Task statement ::
A word-for-word copy is needed of the line containing "Red Room Love GIF by flybymidnight" and every line after it through the end of the records below, leaving out all pictures.

Record set ::
== Segment start ==
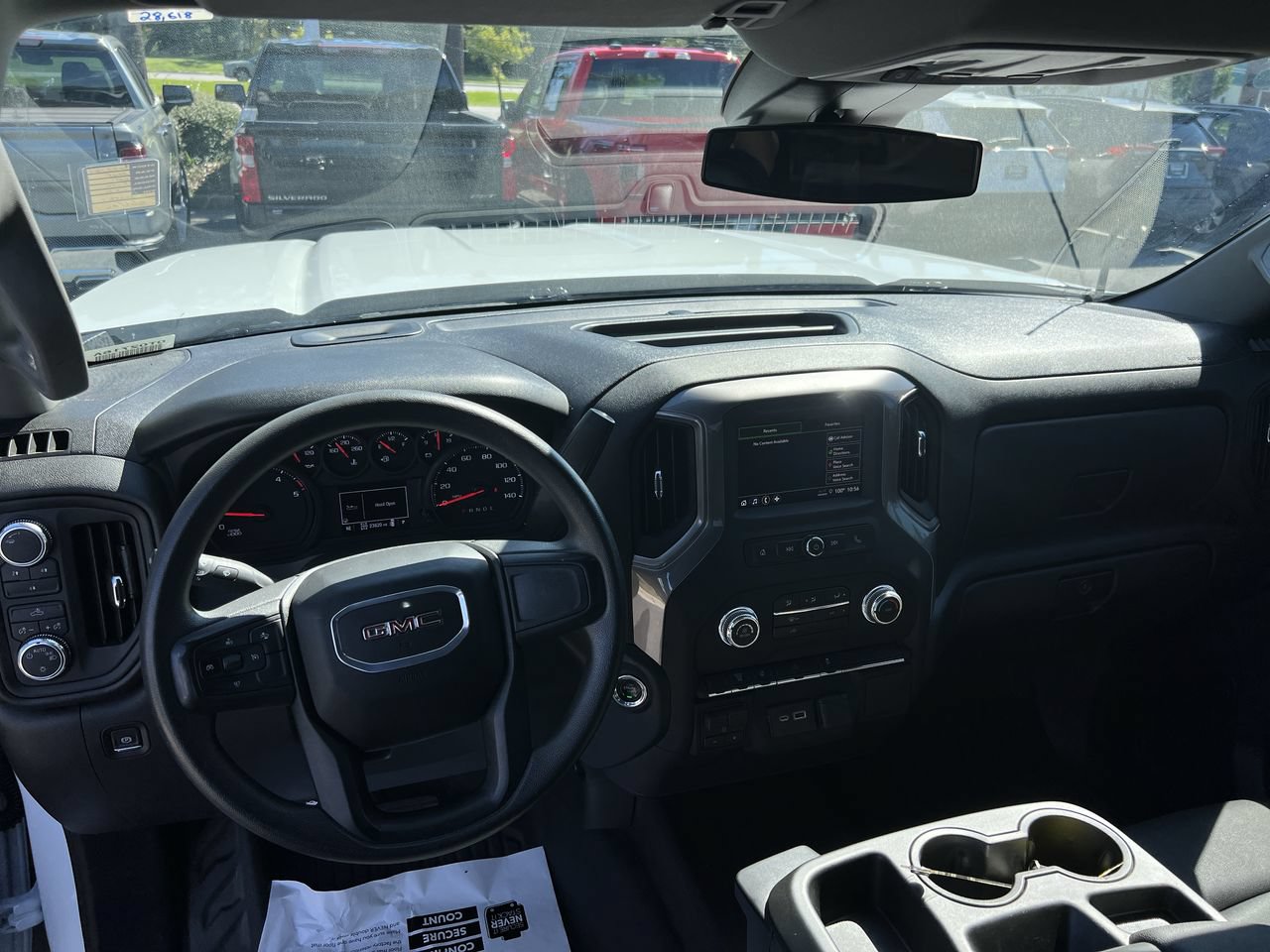 Used 2025 GMC Sierra 2500 Pro AWD/4WD image 30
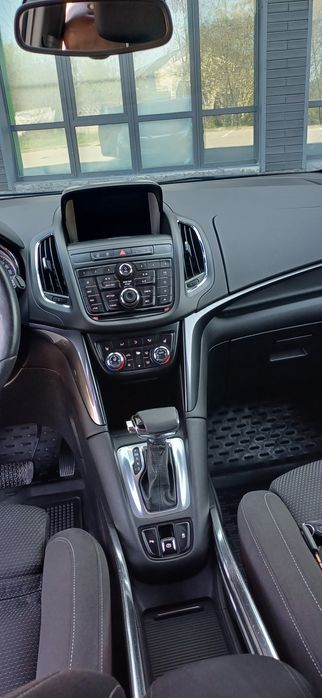 Opel Zafira Tourer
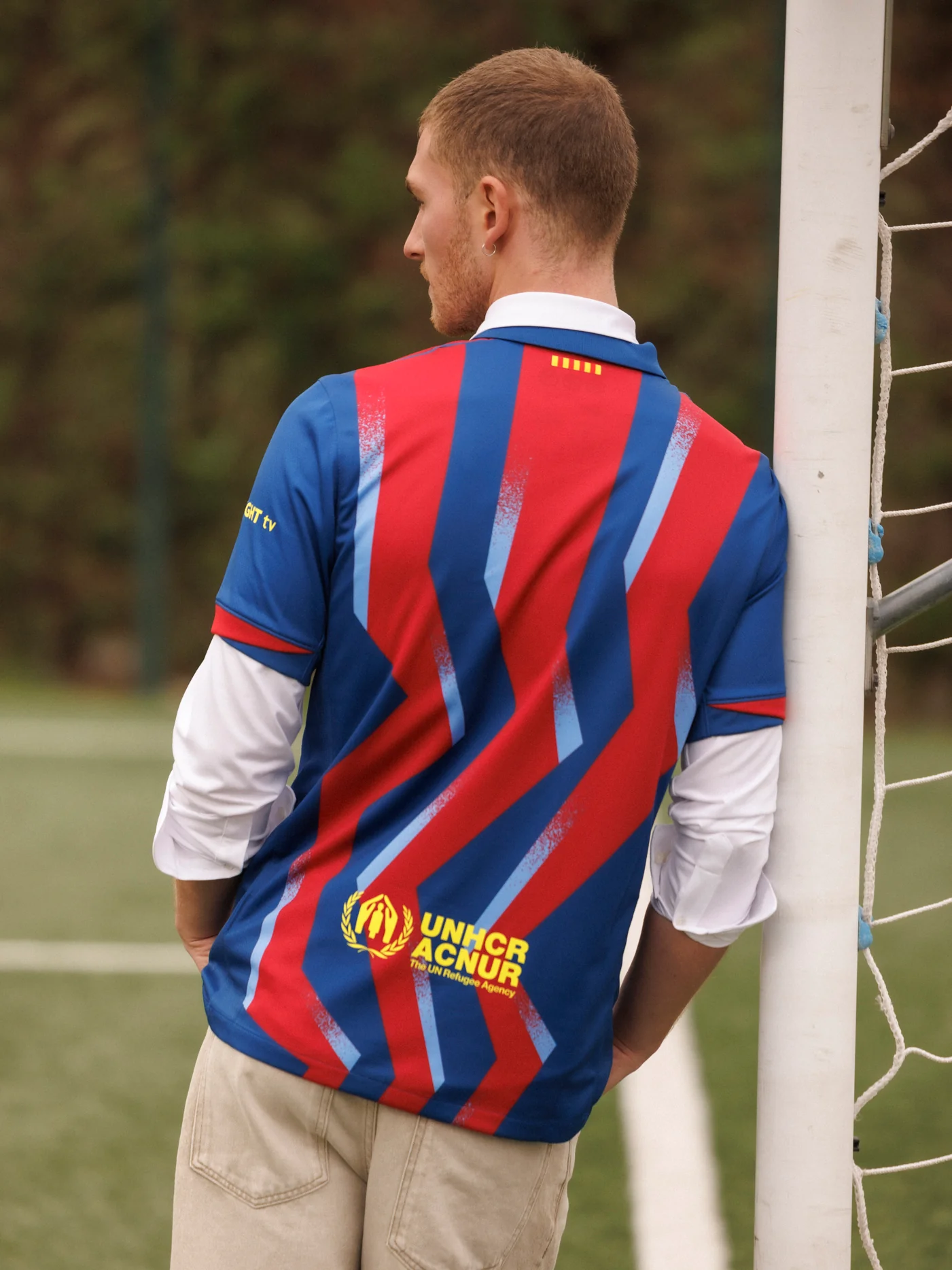 Men's fourth jersey 25/26 FC Barcelona - Image 2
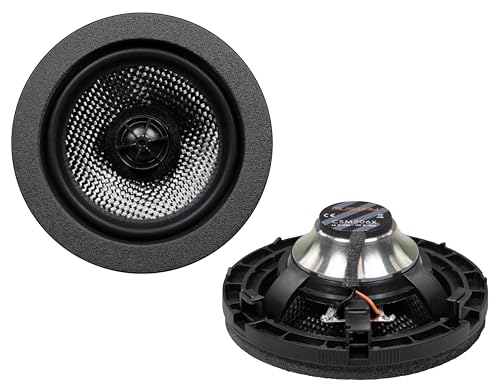 Altavoces Coche 10 Cm Marca Musway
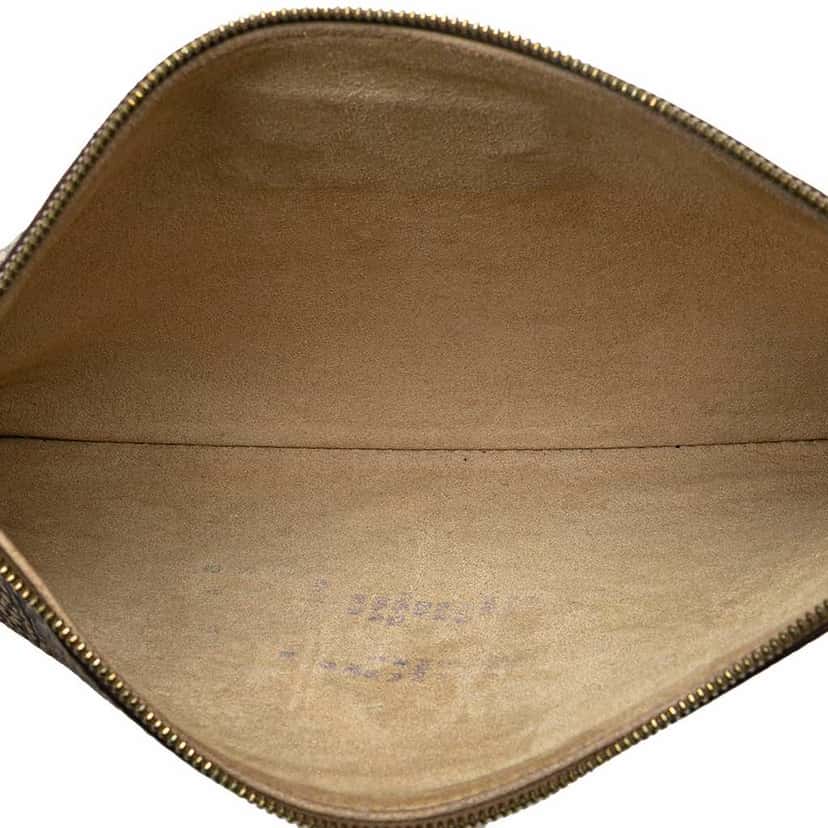 Bottega Veneta Medium Lambskin Intreccio Cabat Tote Gold Leather Good condition - Box View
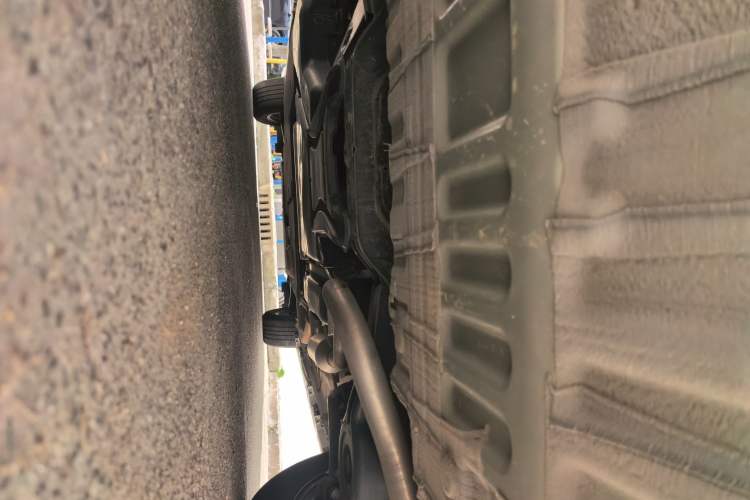 Used Toyota SIENNA 2024 2.5L Hybrid Comfort Edition Chassis Rear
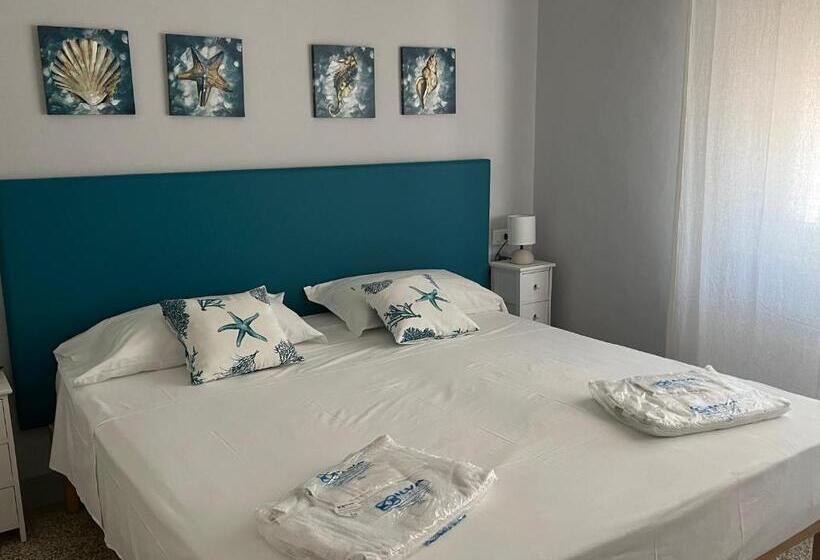Номер Стандарт Вид на Сад, Bed And Coffee Rooms Portoferraio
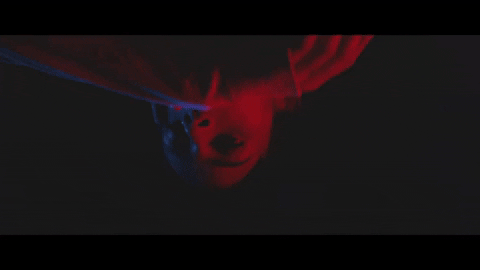 Red Room Love GIF by flybymidnight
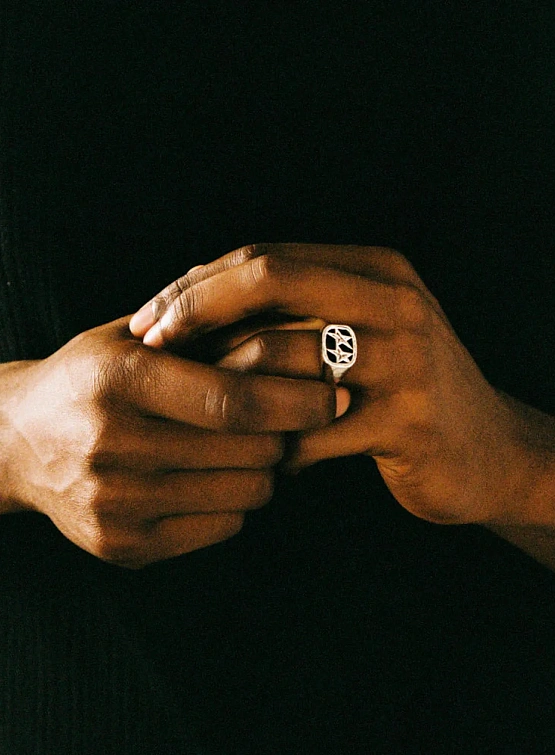 Кольцо TWOJEYS Framed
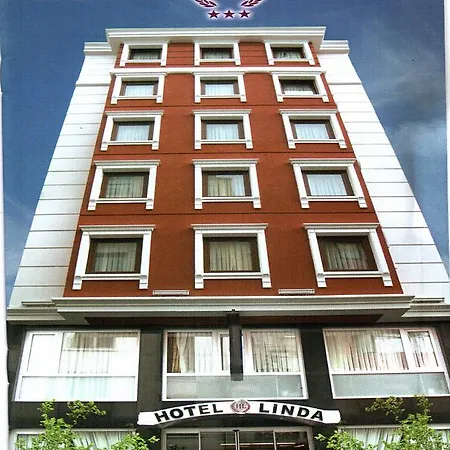 Hotel Linda 2*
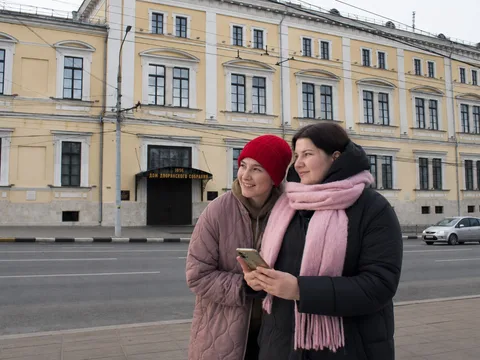Мобильная квест-экскурсия «Мрачное безмолвие» в Туле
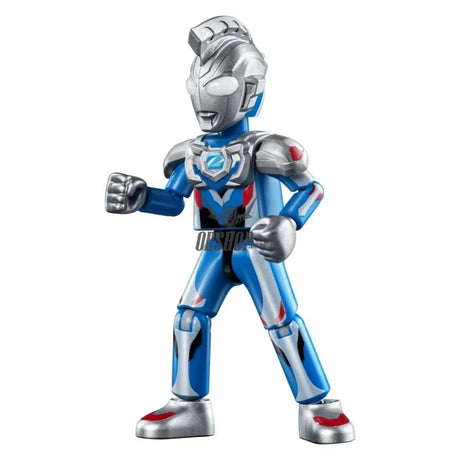 Blokees Ultraman Figures Galaxy Version 05 The Hero Named Z Model Kit Figure single box Scale Model Kits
== Segment end ==
Finished exercise ::
 Red Room Love GIF by flybymidnight
 Кольцо TWOJEYS Framed
 Hotel Linda 2*
Мобильная квест-экскурсия «Мрачное безмолвие» в Туле
 Blokees Ultraman Figures Galaxy Version 05 The Hero Named Z Model Kit Figure single box Scale Model Kits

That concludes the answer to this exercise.